Exactly the lines from the one with "Set of bright tech banners - eps" through the end of the data below must be set down, and no pictures with them.

[AVAILABLE RECORDS — start]

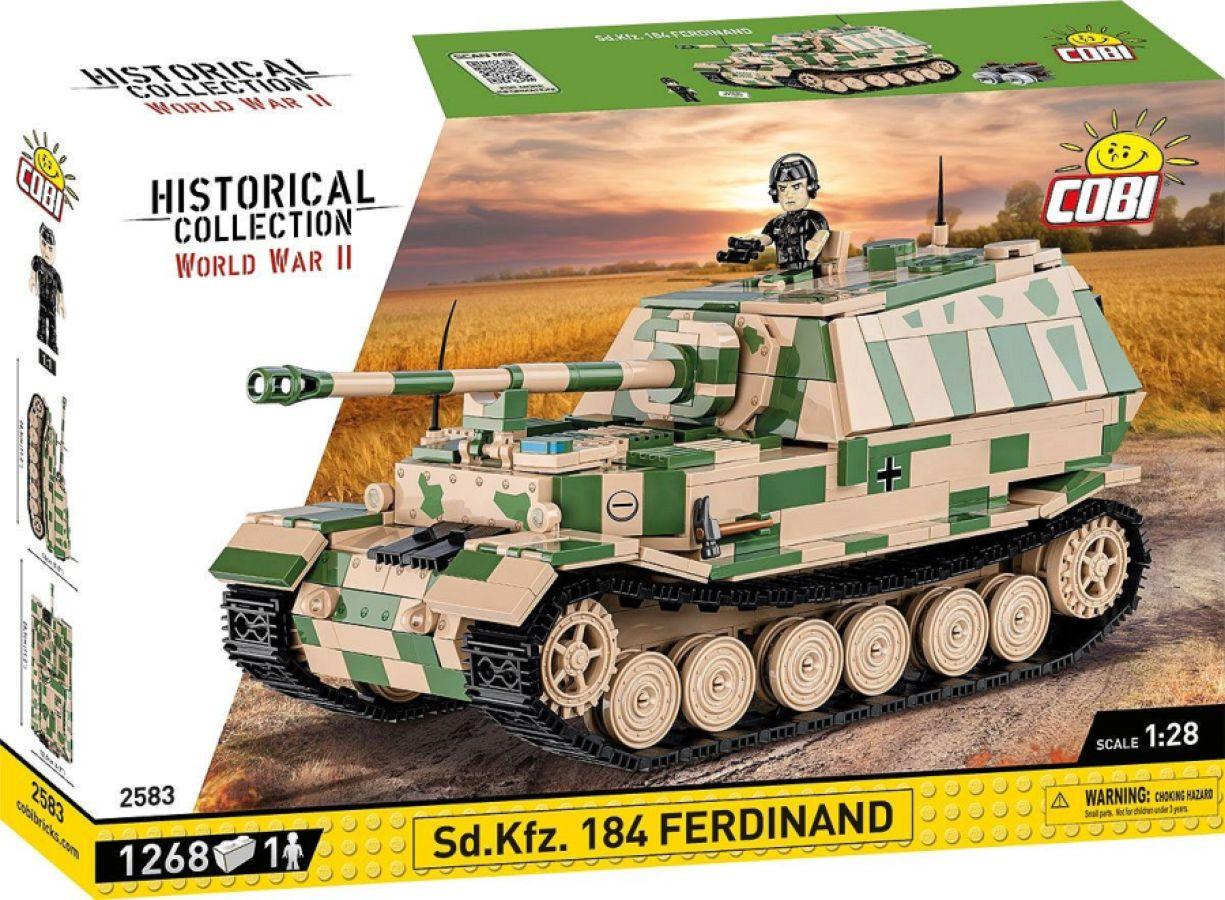 COB2583 World War 2 - Sd.Kfz. 184 Ferdinand (1268 Piece Kit) - Cobi - Titan Pop Culture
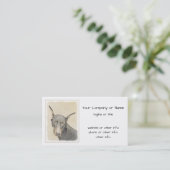 Doberman Pinscher Painting - Originele Dog Art Visitekaartje (Staand voorkant)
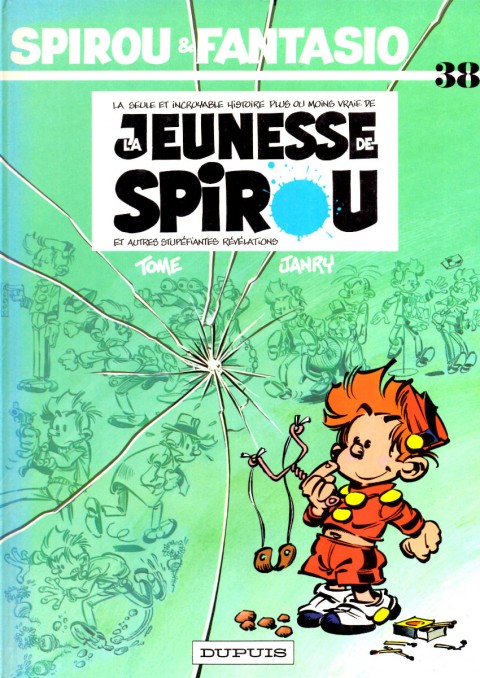 Couverture de l'album Spirou et Fantasio Tome 38 La jeunesse de Spirou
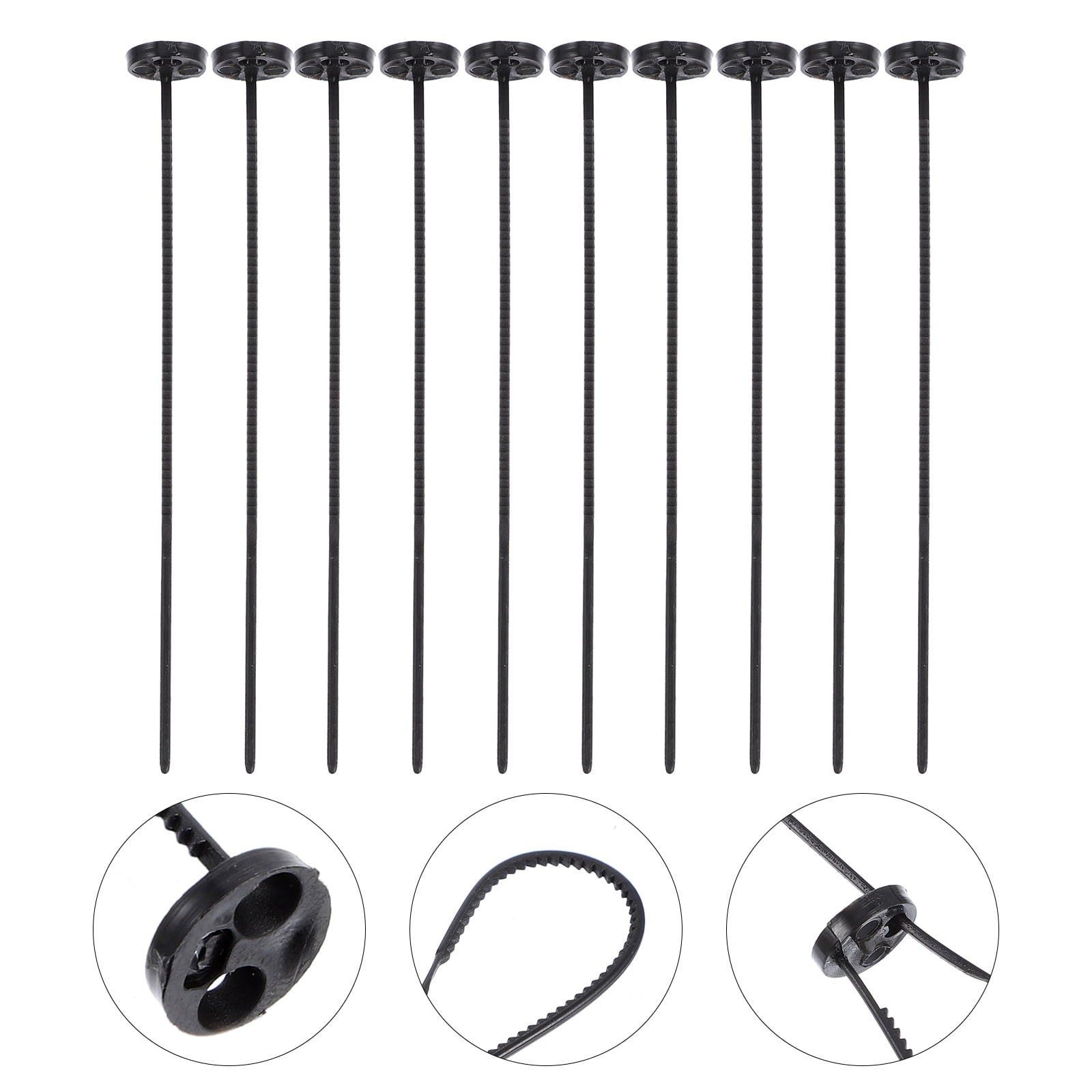 KALLORY Button Fastener Black Plastic 10Pcs 3.5x0.4x0.4in - Walmart.com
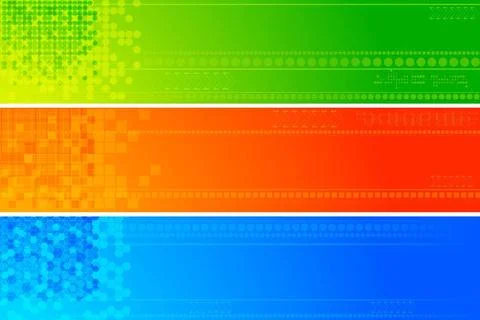 Set of bright tech banners - eps 10 vector Set of bright tech banners - ep... Stock Photos
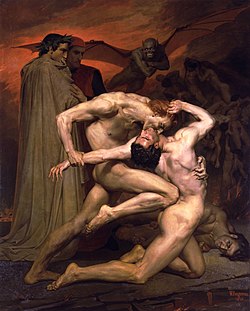 Dante and Virgil in Hell, by William-Adolphe Bouguereau (1850)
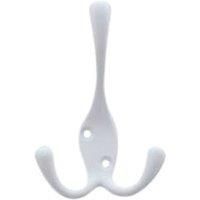 Wickes Three Pronged Screwed Hook  White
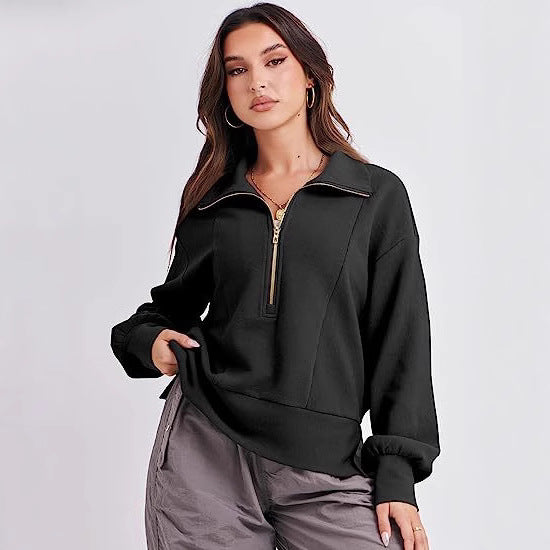 Damen Sportlicher Pullover Nord Taschen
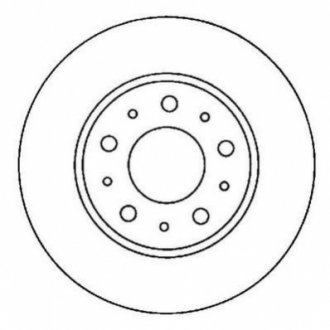 Тормозной диск (передний) Jurid 561866JC (фото 1)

[AVAILABLE RECORDS — finish]

RESPONSE BELOW —
 Set of bright tech banners - eps 10 vector Set of bright tech banners - ep... Stock Photos
 Dante and Virgil in Hell, by William-Adolphe Bouguereau (1850)
 Wickes Three Pronged Screwed Hook  White
 Damen Sportlicher Pullover Nord Taschen
 Тормозной диск (передний) Jurid 561866JC (фото 1)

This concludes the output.